What will you almost never hear from men in business? Don’t know? You’re close. I’ve seen very few men in business meetings ever say, “I don’t know.” Have you noticed that, too? I think it’s smart that men avoid admitting what they don’t know. I think more women should pay attention to how they respond when they don’t know the answer to a business question. There are ways to answer questions that you don’t know. Some ways are better than others. Here are some options to consider.
You’ve got a few choices when you don’t know the answer. First, don’t fall for the gotcha questions. Think of any reporter’s questions of a politician where the reporter knows the politician doesn’t have the answer. That’s a gotcha question. Not every question has the right to be asked. If you’re asked that type of question, you will probably sputter your answer going all over the place without giving a response. Instead, question your need to answer the question. You can say, “Why do you think I, in my position as marketing manager, need to know that?”

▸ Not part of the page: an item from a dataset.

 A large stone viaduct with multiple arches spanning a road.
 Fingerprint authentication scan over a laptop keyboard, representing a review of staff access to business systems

Then there are some questions that should not be answered. Hypothetical questions get you in trouble because your job is not to answer questions that won’t occur. These are the questions that trip you up because they are filled with emotion. If you are asked, “What about the competition reducing prices and capturing our largest market shares? What would you do?” Instead of “I don’t know” you can question the emotions behind the question. Is there concern for a stronger competitor? Is there concern about a loss in market share? That’s what you need to be talking about, not what you would do in a hypothetical situation and especially if you don’t know.

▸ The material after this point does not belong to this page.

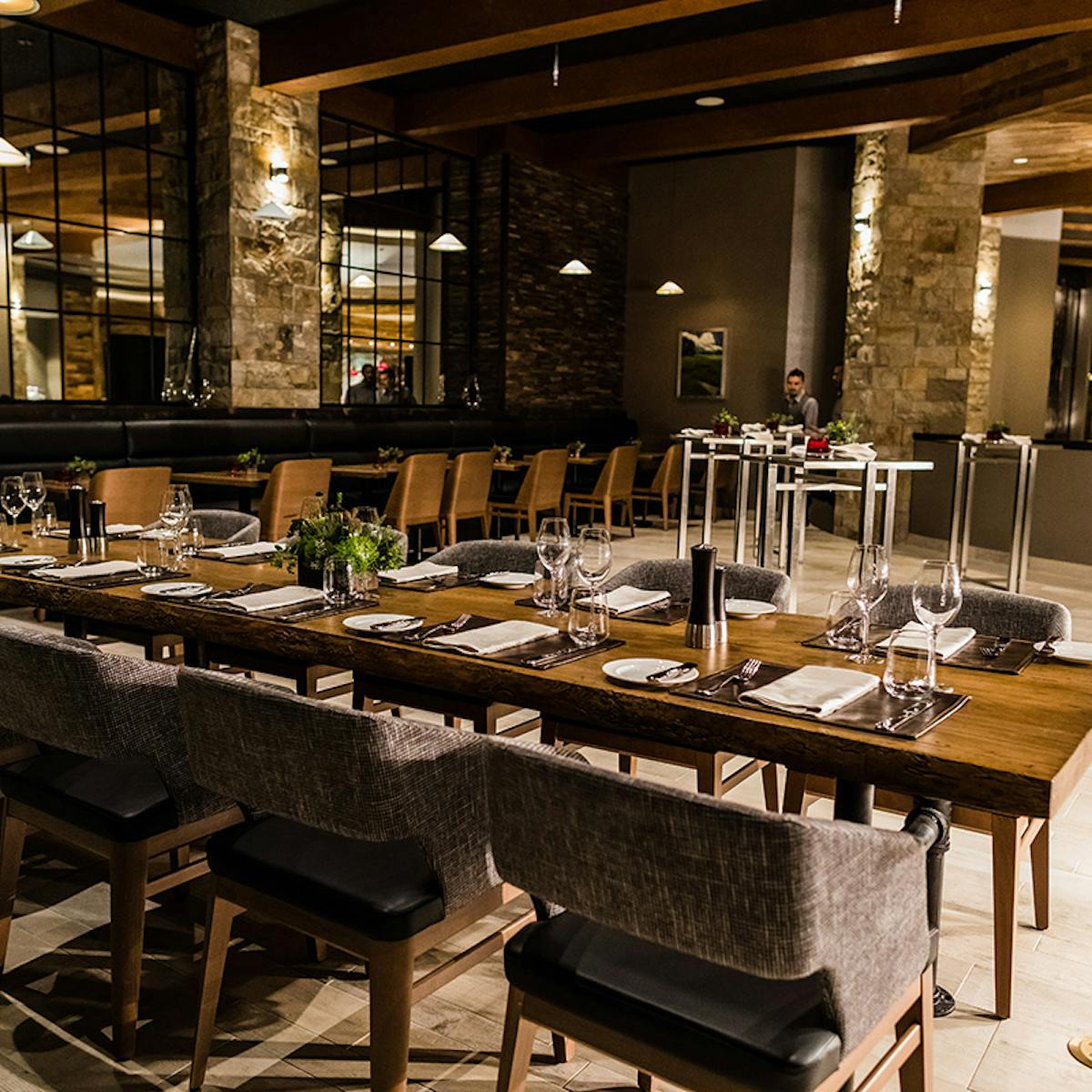 a kitchen with a table in a restaurant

You may not know the answer to hostile questions. When someone is in your face asking you a question with “hot” words in it, be careful. “How can that ridiculous proposal work?” is a hostile question that can hurt you both by not having the answer as well as accepting the hostility in the question. First, remove the hostility. The word “ridiculous” is unacceptable. So remove it when you respond. Then when you respond, choose to answer it differently. You don’t have to give particular information. You can talk about the answer in the future with general information. Politicians are masters of giving non-answers. My answer would be, “How can the proposal work? With the support of all the participants and our usual attention to detail, I’m sure the proposal will work.” Notice, the hostile word is removed.
I’ve always told my clients, never point out your own weaknesses to others in business. Saying “I don’t know” is something men intuitively understand that makes them look weak. When you don’t know the answer, at least you will know how to respond. That’s what I know.